Monsoon loses half its steam on start.
The deficit, which was 36 per cent in the first week, rose to 50 per cent in the week ending June 13. Overall, the rainfall deficit so far has been 42 per cent.
Rainfall since the onset of the monsoon has been 29.2 mm as against the normal of 50.6 mm. Of the 36 met sub- divisions, only five have recorded normal rainfall compared to 10 during the same period in the last season. In 30 sub- divisions, rainfall has either been scanty or deficient, according to the weather office.
However, weather officials maintain that the situation could improve next week. The conditions are favourable for advance of the monsoon over Konkan, interior Maharahstra, parts of Karnataka, Andhra Pradesh and Tamil Nadu over the next three to four days. In the next three days, it could advance into West Bengal, Orissa, Bihar Jharkhand and Chattisgarh.

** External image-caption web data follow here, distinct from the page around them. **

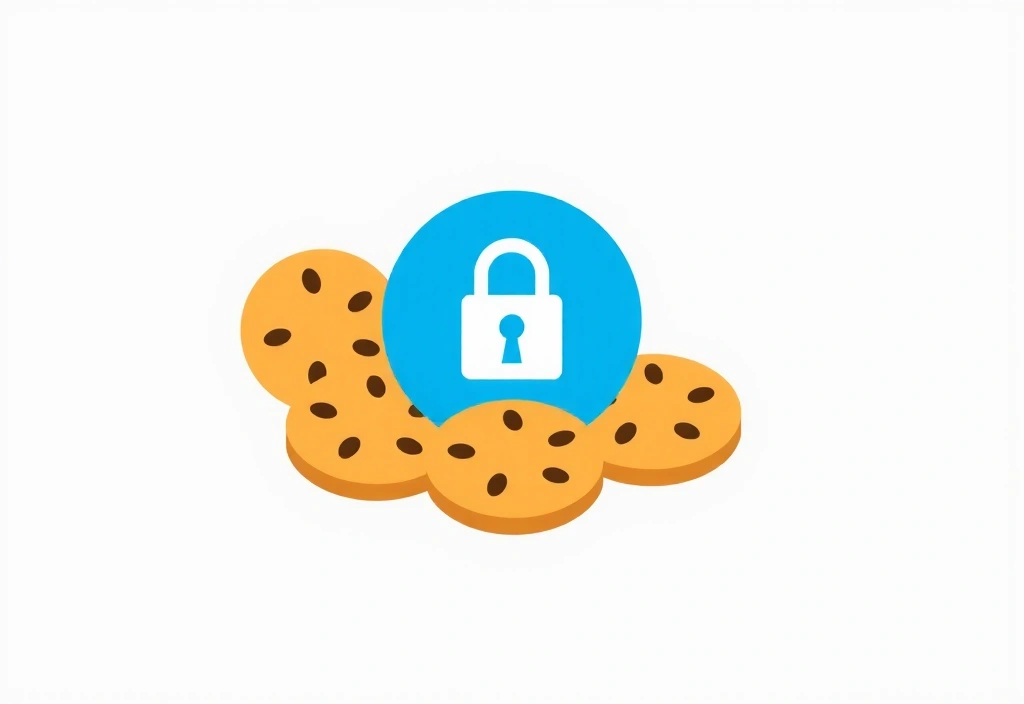 Illustration von Browser-Cookies, die als kleine Kekse dargestellt werden, mit einem Schloss-Symbol für Datenschutz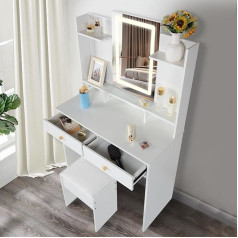 Guanglai Dressing Table with Mirror & Light, Dressing Table with Storage Drawers and Stool, Multiple Shelves, Dressing Table for Bedroom, Dressing Room, White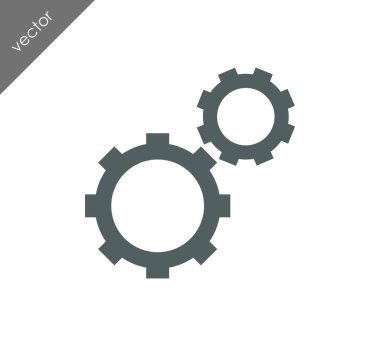 Cogwheels düz simgesi
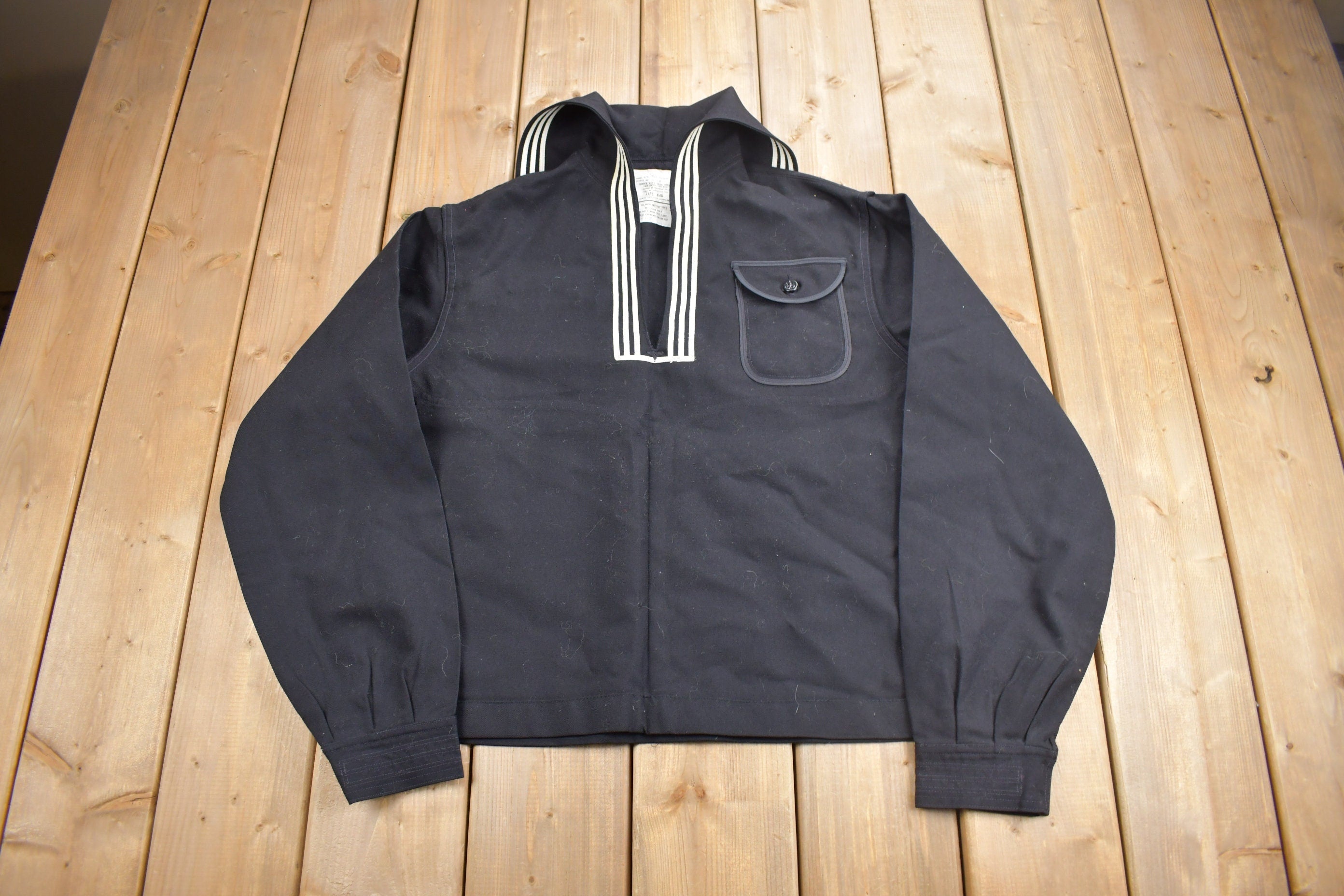 Vintage 1990 Mens Blue Dress Jumper Naval Uniform Sweater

" We expect increased rainfall activities over western parts and interior south India during the next three to four days," said M. Mahapatra, senior scientist, India Meteorological Department ( IMD). " There is a cyclonic pressure over the Arabian Sea which is expected to bring rains on the west coast and interior Karnataka and Maharashtra," Mahapatra added.
A low- pressure area may develop over the north- west Bay of Bengal leading to high rainfall over east and central India.
Since only 40 per cent of cultivable area in the country is under irrigation, rains are important for agriculture. But officials said it will be too early to predict the impact on Kharif output.
Farms are being readied for sowing of paddy, cotton, pulses and oilseeds. If the rain shortfall continues in July and August as well, the situation will turn worse.
The performance of monsoon depends much on how global meteorological parameters such as El Nino Southern Oscillation ( ENSO) unfold in the weeks to come. IMD had predicted a normal monsoon but hinted at below- average performance if ENSO develops in the second half of the season.
Revised outlook for the season will be announced in the third week of June.
" There is no reason to press any panic button at this stage as rainfall is expected to improve," said A. K. Singh, deputy director general, Indian Council of Agricultural Research.
Levels of main water reservoirs are also down to 18 per cent of normal capacity, which is down six per centage points during the same period last year. Reservoirs are important for generation of hydropower, which accounts for a quarter of the country's electricity generation capacity.
Moreover, water is also used for irrigating winter crops such as wheat in many states.
The government is also pinning hopes on monsoon to control the inflation. " I am confident that the range of inflation will be about 7.5 per cent throughout the year.
I hope if monsoon is quite good, these type of pressures will be sorted out," finance minister Pranab Mukherjee said on Thursday.